元検事の落合洋司弁護士は「投票依頼をしなければいいというものではない。一般的な政党の考え方の表明であっても、具体的な状況によっては選挙運動にあたることもあり得る」と指摘。公職選挙法については「判例があるわけでもなく、総務省の解釈には無理がある。総務省は公示前にネット上に公開されていた文書については、公示後に改変しなければいいとしているが、文書は印刷や閲覧が何度でも可能で、厳密には頒布と同じだ。適法と違法が線引きされずに放置されていることが問題だ」と話している。
日本の公職選挙法は、規制の在り方が複雑で、戸別訪問のように、過去に違憲判決が出たこともありながら今なお維持されている規制もあるなど、時代や国民の意識に合わなくなってきている面も多々あって、インターネットの活用を可能にすることを含め、全面的な見直しが避けられないのではないかと思います。
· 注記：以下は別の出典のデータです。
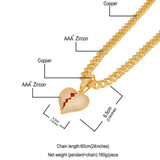 Broken Heart CZ Pendant Necklace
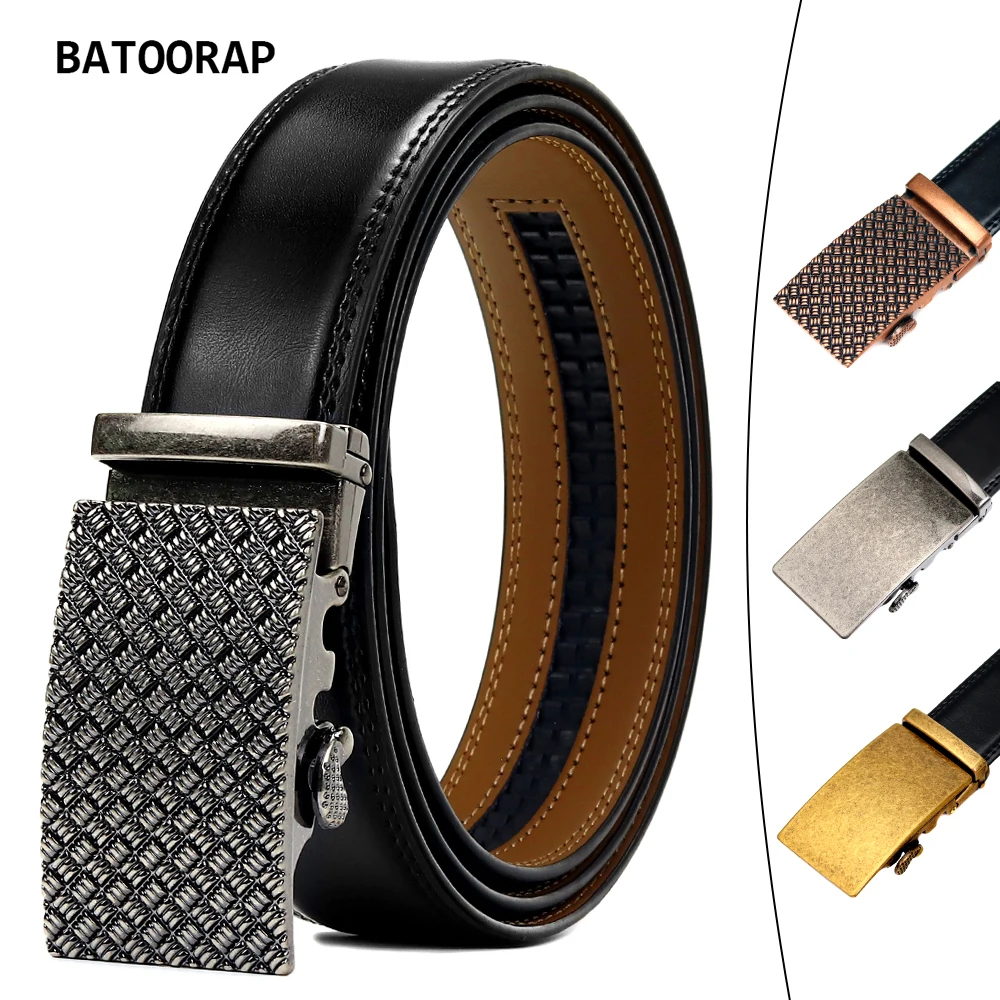 

BATOORAP Leather Belt For Men Cow Genuine Weave Print Vintage Metal Automatic Buckle Fashion Black Trouser Straps 110CM-130CM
公選法では、「選挙運動無償の原則」といった、金が動くことを忌み嫌うような傾向がありますが、票を金で買うような行為は論外としても、人が様々に動けば動いたこと自体にお金がかかるのは自明のことで、米国のように、原資となる資金は、幅広く浄財を集めるような制度にして、その収支を明確にさせつつ、選挙に関し、現実、実態に合った支出は適法として認める、といった制度にする必要があると思います。それと同時に、お金をかけずに済むよう、インターネットを利用した行為は大幅に解禁すべきでしょう。
そういった議論をセずに、従来の枠組みに固執して、インターネットも「際物」視するようなことでは、いつまでたっても大きな、未来へつながる展望は開けてこないでしょう。